Seems like I'm not the only one:
http://tech.groups.yahoo.com/group/flexcoders/message/159521
As one of the users their pointed out, it really seems like an awful limitation by a cutting edge SDK of 21st century. Even Alex Harui didn't have the answer there and he's known to workaround every Adobe bug:)
Any ideas?
I am using AIR 2.6 SDK in JavaScript like this, and it is working fine even for spaces.
please check your code with this one.
var file = air.File.applicationDirectory;
file = file.resolvePath("apps");
if (air.Capabilities.os.toLowerCase().indexOf("win") > -1)
{
file = file.resolvePath(appFile);
}
var nativeProcessStartupInfo = new air.NativeProcessStartupInfo();
nativeProcessStartupInfo.executable = file;
var args =new air.Vector["<String>"]();
for(i=0; i<arguments.length; i++)
args.push(arguments[i]);
nativeProcessStartupInfo.arguments = args;
process = new air.NativeProcess();
process.addEventListener(air.ProgressEvent.STANDARD_OUTPUT_DATA, onOutputData);
process.addEventListener(air.ProgressEvent.STANDARD_INPUT_PROGRESS, inputProgressListener);
process.start(nativeProcessStartupInfo);
To expand on this: The reason that this works (see post above):
var args =new air.Vector["<String>"]();
for(i=0; i<arguments.length; i++)
args.push(arguments[i]);
nativeProcessStartupInfo.arguments = args;
is that air expects that the arguments being passed to the nativeProcess are delimited by spaces. It chokes if you pass "C:\folder with spaces\myfile.doc" (and BTW for AIR a file path for windows needs to be "C:\\folder with spaces\\myfile.doc") you would need to do this:
args.push("C:\\folder");
args.push("with");
args.push("spaces\\myfile.doc");
Hence, something like this works:
var processArgs = new air.Vector["<String>"]();
var path = "C:\\folder with spaces\\myfile.doc"
var args = path.split(" ")
for (var i=0; i<args.length; i++) {
processArgs.push(args[i]);
};
UPDATE - SOLUTION
The string generated by the File object by either nativePath or resolvePath uses "\" for the path. Replace "\" with "/" and it works.
I'm having the same problem trying to call 7za.exe using NativeProcess. If you try to access various windows directories the whole thing fails horribly. Even trying to run command.exe and calling a batch file fails because you still have to try to pass a path with spaces through "arguments" on the NativeProcessStartupInfo object.
I've spent the better part of a day trying to get this to work and it will not work. Whatever happens to spaces in "arguments" totally destroys the path.
Example 7za.exe from command line:
7za.exe a MyZip.7z "D:\docs\My Games\Some Game Title\Maps\The Map.map"
This works fine. Now try that with Native Process in AIR. The AIR arguments sanitizer is FUBAR.
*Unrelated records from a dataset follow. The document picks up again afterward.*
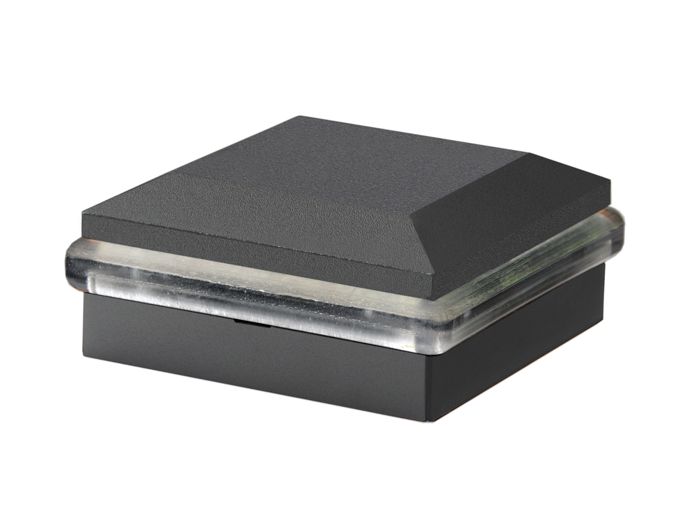 trex aluminum post cap light in textured charcole black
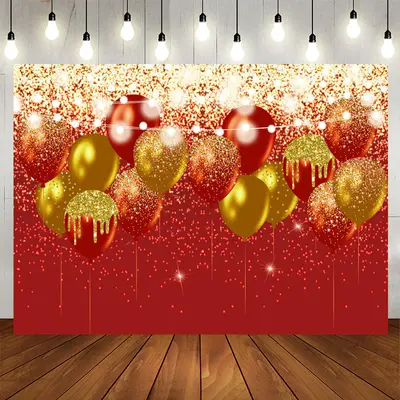 Aperturee Red And Gold Glitter Balloons Birthday Backdrop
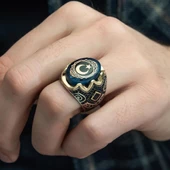 Ayyıldız Desenli Sıkma Kehribar Taşlı 925 Gümüş Erkek Yüzük - 7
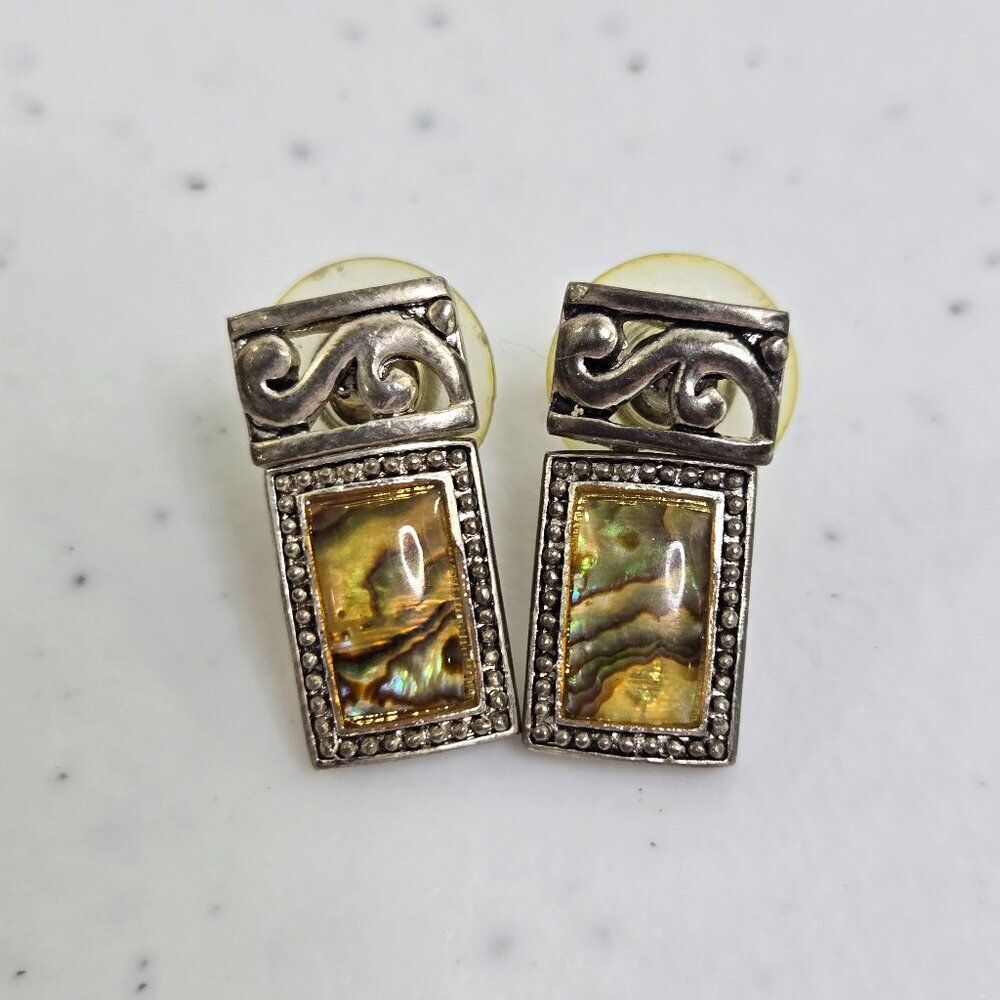 Abalone Earrings Silver Tone Swirl Filigree Yellow Shell Mother of Pearl Stud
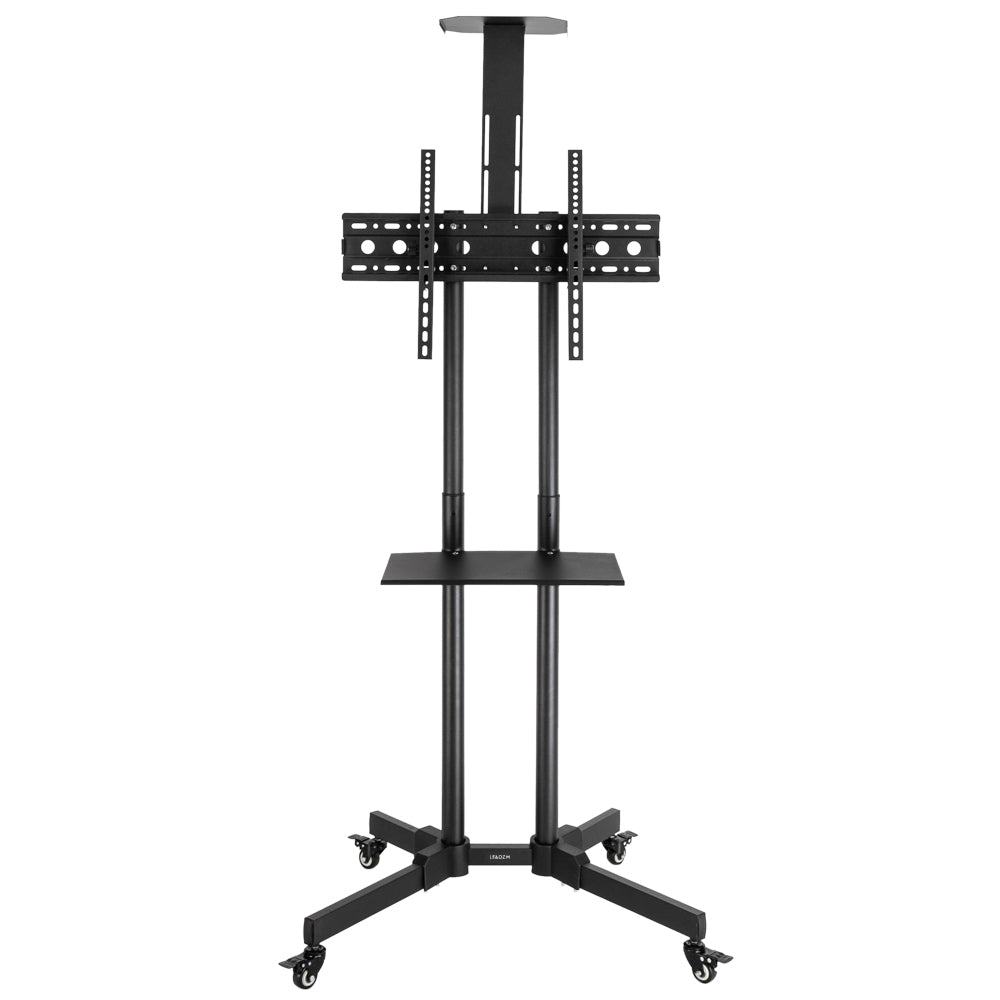 LEADZM TSY1600 32-70 Inch TV Stand, Mobile TV Cart, 60kg Load Capacity, VESA 400x600, -15° to 15° Tilt, Black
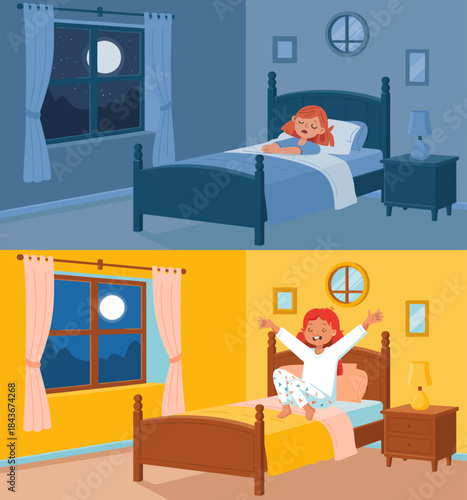 A split-image depicts a child's bedroom transitioning from night to day, showcasing the joy of waking up to a bright morning, symbolizing innocence and excitement.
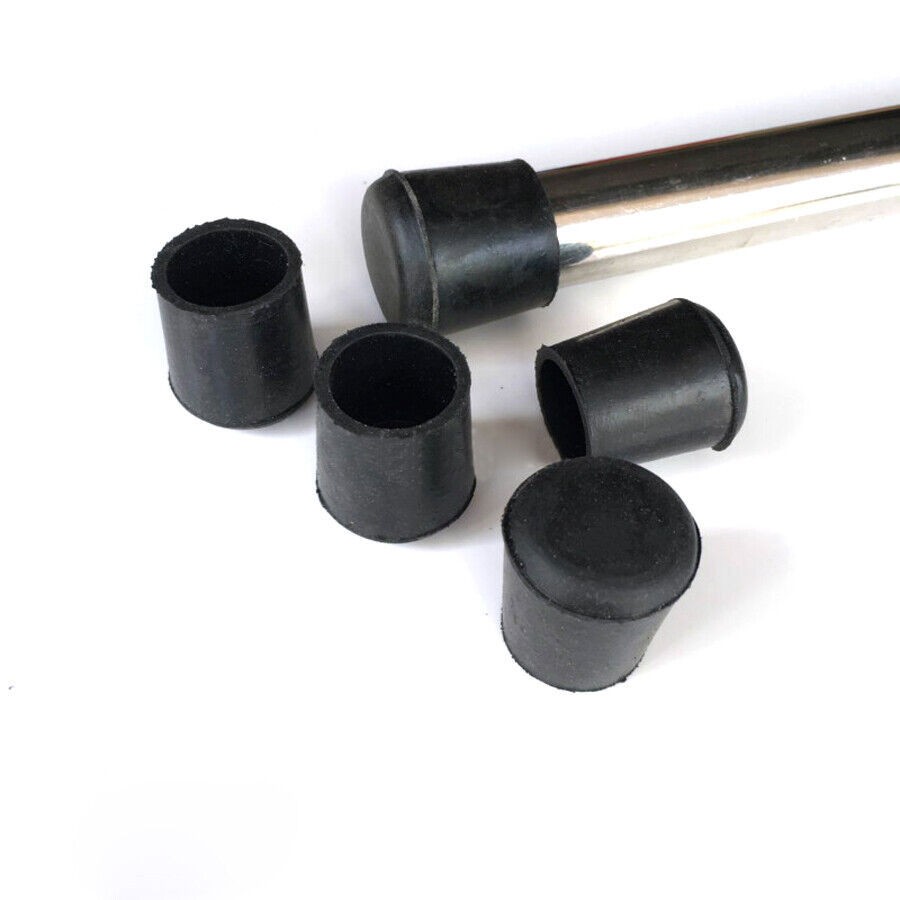 Rubber Chair Leg Caps for 10-45mm Pipes, Black – Non-Slip & Protection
I have tried countless ways to put in arguments and it just fails. Interesting I can get it to spit out a zip file but with no content in the zip. I figure this is due to the first argument set finally working but then failing for the path argument.
For example:
processArgs[0] = 'a';
processArgs[1] = 'D:\apps\flash builder 4.5\project1\bin-debug\MyZip.7z';
processArgs[2] = 'D:\docs\My Games\Some Game Title\Maps\The Map.map';
For some reason this spits out a zip file named: bin-debugMyZip.7z But the zip is empty.
Whatever AIR is doing it is fraking up path strings. I've tried adding quotes around those paths in various ways. Nothing works.
I thought I could fall back on calling a batch file from this example:
http://technodesk.wordpress.com/2010/04/15/air-2-0-native-process-batch-file/
But it fails as well because it still requires the path to be passed through arguments.
Anyone have any luck calling 7z or dealing with full paths in the NativeProcess? All these little happy tutorials don't deal with real windows folder structure.
Solution that works for me - set path_with_space as "nativeProcessStartupInfo.workingDirectory" property. See example below:
public function openPdf(pathToPdf:String):void
}
var nativeProcessStartupInfo:NativeProcessStartupInfo = new NativeProcessStartupInfo();
var file:File = File.applicationDirectory.resolvePath("C:\\Windows\\System32\\cmd.exe");
nativeProcessStartupInfo.executable = file;
if (Capabilities.os.toLowerCase().indexOf("win") > -1)
{
nativeProcessStartupInfo.workingDirectory = File.applicationDirectory.resolvePath(pathToPdf).parent;
var processArgs:Vector.<String> = new Vector.<String>();
processArgs[0] = "/k";
processArgs[1] = "start";
processArgs[2] = "test.pdf";
nativeProcessStartupInfo.arguments = processArgs;
process = new NativeProcess();
process.start(nativeProcessStartupInfo);
process.addEventListener(ProgressEvent.STANDARD_OUTPUT_DATA, onOutputData);
}
args.push( '"blah blah"' );
Command line after all supports spaces if they are nested whithin "".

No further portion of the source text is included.